I've not thought of John O'Hara's novels since college, but his letters to his daughter Wylie make me eager to read him again. And the same goes for Sherwood Anderson. The guidelines he gives on art and life, for the son studying painting in Paris, ought to be pinned up as reminders for all who paint or write or teach. “Try to be humble. Smartness kills everything,” Anderson says. “The point of being an artist is that you may live.”

But then nearly all the writers here are trying in one way or other to impart what life has taught them, and it's the sum total of such observations, and the sincerity of expression, that give these pages their inordinate value.

“If you feel the blues coming on you, get a book and a glass of wine,” advises the august, learned Charles W. Eliot, the president of Harvard. “Know history,” George Patton tells his son. “Great necessities call out great virtues,” Abigail Adams reminds young John Quincy Adams.

The trials and suffering of life, the horrors of disease and war, the fierce inner struggles many suffer, are all to be found in these letters. It is hard to imagine, for example, anyone ever forgetting Woody Guthrie's letter as he was being destroyed by Huntington's chorea.

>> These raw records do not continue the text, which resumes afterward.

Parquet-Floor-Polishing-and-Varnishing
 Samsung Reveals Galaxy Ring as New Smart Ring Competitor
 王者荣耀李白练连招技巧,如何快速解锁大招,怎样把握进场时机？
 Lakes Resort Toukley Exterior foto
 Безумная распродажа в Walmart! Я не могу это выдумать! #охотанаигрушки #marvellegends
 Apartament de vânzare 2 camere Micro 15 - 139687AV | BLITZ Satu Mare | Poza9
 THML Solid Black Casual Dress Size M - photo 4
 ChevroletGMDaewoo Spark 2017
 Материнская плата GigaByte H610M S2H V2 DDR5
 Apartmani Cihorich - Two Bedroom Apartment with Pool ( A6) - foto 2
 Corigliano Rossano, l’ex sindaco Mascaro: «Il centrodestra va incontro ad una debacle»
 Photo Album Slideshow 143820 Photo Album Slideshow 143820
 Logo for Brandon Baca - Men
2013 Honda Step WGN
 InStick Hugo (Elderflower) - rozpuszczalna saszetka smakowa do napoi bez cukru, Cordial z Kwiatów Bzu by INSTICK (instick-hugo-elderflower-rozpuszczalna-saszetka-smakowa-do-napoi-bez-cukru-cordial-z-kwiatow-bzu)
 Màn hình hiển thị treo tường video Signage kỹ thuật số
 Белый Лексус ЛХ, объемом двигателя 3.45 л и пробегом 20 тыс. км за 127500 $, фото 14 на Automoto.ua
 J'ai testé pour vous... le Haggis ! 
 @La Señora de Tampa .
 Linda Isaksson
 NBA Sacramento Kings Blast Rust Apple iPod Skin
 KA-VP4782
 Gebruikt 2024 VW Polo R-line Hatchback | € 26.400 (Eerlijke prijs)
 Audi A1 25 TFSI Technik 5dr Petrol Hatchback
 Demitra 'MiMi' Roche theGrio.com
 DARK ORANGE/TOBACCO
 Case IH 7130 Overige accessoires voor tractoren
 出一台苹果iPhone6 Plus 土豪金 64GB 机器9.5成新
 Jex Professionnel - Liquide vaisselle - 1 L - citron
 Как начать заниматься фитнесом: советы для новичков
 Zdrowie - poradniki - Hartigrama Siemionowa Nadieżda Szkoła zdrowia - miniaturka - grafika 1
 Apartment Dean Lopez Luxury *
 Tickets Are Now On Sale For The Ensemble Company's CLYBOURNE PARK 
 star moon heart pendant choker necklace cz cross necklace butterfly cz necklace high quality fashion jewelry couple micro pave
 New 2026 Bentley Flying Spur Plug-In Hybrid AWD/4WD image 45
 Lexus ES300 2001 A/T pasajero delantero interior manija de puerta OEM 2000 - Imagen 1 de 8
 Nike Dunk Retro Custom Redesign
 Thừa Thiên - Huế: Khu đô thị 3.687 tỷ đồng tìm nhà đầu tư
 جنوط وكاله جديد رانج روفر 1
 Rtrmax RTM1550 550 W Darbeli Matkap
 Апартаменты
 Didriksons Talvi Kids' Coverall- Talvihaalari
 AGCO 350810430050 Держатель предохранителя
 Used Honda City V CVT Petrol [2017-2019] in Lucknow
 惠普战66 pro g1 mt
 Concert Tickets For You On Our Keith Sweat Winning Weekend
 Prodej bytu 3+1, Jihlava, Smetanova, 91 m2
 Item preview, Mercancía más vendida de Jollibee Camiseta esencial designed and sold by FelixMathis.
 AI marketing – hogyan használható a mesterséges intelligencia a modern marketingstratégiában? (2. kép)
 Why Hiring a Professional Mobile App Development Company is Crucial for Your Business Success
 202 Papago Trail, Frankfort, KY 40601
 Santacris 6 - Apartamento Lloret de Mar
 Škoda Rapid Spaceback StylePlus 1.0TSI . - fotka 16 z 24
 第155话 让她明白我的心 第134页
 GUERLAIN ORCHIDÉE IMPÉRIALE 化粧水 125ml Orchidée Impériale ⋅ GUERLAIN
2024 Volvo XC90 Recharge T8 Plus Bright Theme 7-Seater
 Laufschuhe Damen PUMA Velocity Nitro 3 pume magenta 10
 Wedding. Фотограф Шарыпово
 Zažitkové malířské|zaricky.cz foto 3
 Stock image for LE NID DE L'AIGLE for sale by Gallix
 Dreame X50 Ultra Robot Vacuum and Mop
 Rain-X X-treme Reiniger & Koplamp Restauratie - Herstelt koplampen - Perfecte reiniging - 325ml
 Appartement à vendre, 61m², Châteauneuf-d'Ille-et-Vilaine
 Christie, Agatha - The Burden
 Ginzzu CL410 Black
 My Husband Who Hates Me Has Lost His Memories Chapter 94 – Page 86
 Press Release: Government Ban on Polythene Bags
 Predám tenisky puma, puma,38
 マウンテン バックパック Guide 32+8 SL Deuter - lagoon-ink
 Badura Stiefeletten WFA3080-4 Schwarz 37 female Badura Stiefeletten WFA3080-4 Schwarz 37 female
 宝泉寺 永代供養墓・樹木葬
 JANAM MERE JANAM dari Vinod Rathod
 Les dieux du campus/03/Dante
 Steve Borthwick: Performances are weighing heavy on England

Every reader will have his or her own favorites. To my mind what W. E. B. Du Bois writes to his daughter Yolande is both a surpassing lesson in human understanding and a beautiful expression of a father's devotion. The letter should be required reading everywhere. I love Sidney Lanier's letter about his newborn son. Oscar Hammerstein's beautiful, autobiographical letter to his son Bill may be my favorite of all.

Dorie McCullough Lawson is my daughter, I'm proud to say, and I have thought often of a comment she made as she first embarked on the research for the book. “Think how much I'm going to learn,” she said. I know how much I have learned from the collection and from her very skillful editorial commentary.

This is a book to pick up and read at almost any page, a book to keep close at hand, to return to for nourishment and guidance, yes, but also for reassurance and pure pleasure.